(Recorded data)
______
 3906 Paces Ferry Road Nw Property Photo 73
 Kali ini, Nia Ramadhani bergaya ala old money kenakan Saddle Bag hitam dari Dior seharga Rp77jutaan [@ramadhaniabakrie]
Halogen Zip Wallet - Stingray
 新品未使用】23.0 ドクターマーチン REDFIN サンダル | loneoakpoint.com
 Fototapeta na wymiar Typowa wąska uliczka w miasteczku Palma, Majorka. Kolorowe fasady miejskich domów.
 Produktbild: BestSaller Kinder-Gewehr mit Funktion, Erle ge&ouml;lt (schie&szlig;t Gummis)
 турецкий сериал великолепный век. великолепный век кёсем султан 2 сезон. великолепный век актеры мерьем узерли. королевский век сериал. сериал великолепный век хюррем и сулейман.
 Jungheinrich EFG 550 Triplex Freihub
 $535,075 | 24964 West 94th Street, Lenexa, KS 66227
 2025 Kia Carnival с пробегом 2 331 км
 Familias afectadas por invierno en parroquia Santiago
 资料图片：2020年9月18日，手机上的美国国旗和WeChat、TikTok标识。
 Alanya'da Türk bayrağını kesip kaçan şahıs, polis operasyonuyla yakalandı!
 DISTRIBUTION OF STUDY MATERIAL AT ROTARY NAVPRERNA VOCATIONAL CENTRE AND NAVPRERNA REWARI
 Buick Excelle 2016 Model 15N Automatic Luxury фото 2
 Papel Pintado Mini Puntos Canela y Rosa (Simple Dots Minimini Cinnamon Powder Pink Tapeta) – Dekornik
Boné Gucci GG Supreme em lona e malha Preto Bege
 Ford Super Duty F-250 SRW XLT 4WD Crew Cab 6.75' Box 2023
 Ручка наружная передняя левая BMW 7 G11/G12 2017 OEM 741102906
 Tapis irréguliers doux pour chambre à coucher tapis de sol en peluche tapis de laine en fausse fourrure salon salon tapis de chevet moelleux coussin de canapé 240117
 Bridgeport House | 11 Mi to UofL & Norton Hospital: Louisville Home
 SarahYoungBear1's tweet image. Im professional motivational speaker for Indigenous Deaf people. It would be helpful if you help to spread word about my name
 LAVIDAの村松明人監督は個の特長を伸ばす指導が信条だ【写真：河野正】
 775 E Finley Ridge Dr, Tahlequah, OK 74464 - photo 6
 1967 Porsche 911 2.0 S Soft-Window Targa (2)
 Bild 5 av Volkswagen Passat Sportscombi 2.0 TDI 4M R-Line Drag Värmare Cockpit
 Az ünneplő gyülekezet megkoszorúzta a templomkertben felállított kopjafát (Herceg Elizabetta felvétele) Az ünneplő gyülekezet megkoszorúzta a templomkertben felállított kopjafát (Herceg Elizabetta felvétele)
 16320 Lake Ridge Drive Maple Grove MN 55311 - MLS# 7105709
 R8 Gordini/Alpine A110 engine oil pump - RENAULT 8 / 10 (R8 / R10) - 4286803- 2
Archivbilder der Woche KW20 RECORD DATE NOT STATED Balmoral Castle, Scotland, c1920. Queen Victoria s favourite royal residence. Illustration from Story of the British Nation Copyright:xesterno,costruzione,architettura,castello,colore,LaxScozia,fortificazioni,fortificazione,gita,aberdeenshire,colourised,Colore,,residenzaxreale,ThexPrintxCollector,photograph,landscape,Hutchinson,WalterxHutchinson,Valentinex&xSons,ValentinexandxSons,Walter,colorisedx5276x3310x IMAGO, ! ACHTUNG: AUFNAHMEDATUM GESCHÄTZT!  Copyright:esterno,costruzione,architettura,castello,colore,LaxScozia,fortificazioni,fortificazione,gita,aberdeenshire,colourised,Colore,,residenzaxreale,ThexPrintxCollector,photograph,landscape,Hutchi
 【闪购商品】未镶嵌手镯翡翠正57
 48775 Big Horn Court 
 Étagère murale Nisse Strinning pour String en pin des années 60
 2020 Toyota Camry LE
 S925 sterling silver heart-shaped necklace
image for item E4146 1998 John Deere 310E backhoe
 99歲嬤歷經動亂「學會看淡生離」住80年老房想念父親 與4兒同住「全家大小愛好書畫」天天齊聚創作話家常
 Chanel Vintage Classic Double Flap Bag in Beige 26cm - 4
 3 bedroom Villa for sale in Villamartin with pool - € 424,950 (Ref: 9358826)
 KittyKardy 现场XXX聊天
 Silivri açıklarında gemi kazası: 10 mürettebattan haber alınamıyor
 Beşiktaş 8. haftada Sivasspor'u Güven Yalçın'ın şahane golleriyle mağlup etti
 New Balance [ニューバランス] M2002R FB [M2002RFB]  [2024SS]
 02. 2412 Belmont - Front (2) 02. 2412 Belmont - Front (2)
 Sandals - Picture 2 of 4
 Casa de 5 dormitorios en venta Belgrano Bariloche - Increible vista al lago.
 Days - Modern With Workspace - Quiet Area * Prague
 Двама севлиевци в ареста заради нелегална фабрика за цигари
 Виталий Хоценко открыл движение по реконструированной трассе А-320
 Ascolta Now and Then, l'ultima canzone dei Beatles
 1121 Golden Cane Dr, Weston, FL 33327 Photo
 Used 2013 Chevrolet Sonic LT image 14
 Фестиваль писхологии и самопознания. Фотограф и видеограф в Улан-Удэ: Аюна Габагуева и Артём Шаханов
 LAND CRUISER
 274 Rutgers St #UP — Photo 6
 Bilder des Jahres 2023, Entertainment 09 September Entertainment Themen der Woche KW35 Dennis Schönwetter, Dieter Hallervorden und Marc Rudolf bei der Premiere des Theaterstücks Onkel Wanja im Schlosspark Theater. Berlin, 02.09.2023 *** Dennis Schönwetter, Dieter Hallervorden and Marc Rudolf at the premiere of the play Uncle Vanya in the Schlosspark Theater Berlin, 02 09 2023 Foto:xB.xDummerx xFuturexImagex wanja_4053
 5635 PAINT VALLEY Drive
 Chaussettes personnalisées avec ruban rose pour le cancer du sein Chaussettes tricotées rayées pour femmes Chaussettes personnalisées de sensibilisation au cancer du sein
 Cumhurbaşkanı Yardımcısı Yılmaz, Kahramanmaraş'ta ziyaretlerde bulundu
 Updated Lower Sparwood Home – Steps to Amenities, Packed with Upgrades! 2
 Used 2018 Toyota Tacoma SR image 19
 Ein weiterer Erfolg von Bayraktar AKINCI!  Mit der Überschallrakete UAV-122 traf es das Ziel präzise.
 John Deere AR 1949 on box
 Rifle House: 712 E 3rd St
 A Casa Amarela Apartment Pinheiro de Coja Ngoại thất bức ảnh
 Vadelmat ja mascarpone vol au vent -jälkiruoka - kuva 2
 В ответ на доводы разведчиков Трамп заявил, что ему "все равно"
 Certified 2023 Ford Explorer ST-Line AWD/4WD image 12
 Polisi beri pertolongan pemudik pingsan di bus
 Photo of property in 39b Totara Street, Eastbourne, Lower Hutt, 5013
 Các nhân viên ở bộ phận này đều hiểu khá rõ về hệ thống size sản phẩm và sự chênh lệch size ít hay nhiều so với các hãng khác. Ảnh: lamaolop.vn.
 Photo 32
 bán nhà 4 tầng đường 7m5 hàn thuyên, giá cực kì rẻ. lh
______
* [About this task]:
Print again the lines of the entries above that fall between the line holding "Elizabetta felvétele) Az" and the line holding "R8 Gordini/Alpine A110", inclusive, exactly as they stand.

* [Response to this exercise]:
 Az ünneplő gyülekezet megkoszorúzta a templomkertben felállított kopjafát (Herceg Elizabetta felvétele) Az ünneplő gyülekezet megkoszorúzta a templomkertben felállított kopjafát (Herceg Elizabetta felvétele)
 16320 Lake Ridge Drive Maple Grove MN 55311 - MLS# 7105709
 R8 Gordini/Alpine A110 engine oil pump - RENAULT 8 / 10 (R8 / R10) - 4286803- 2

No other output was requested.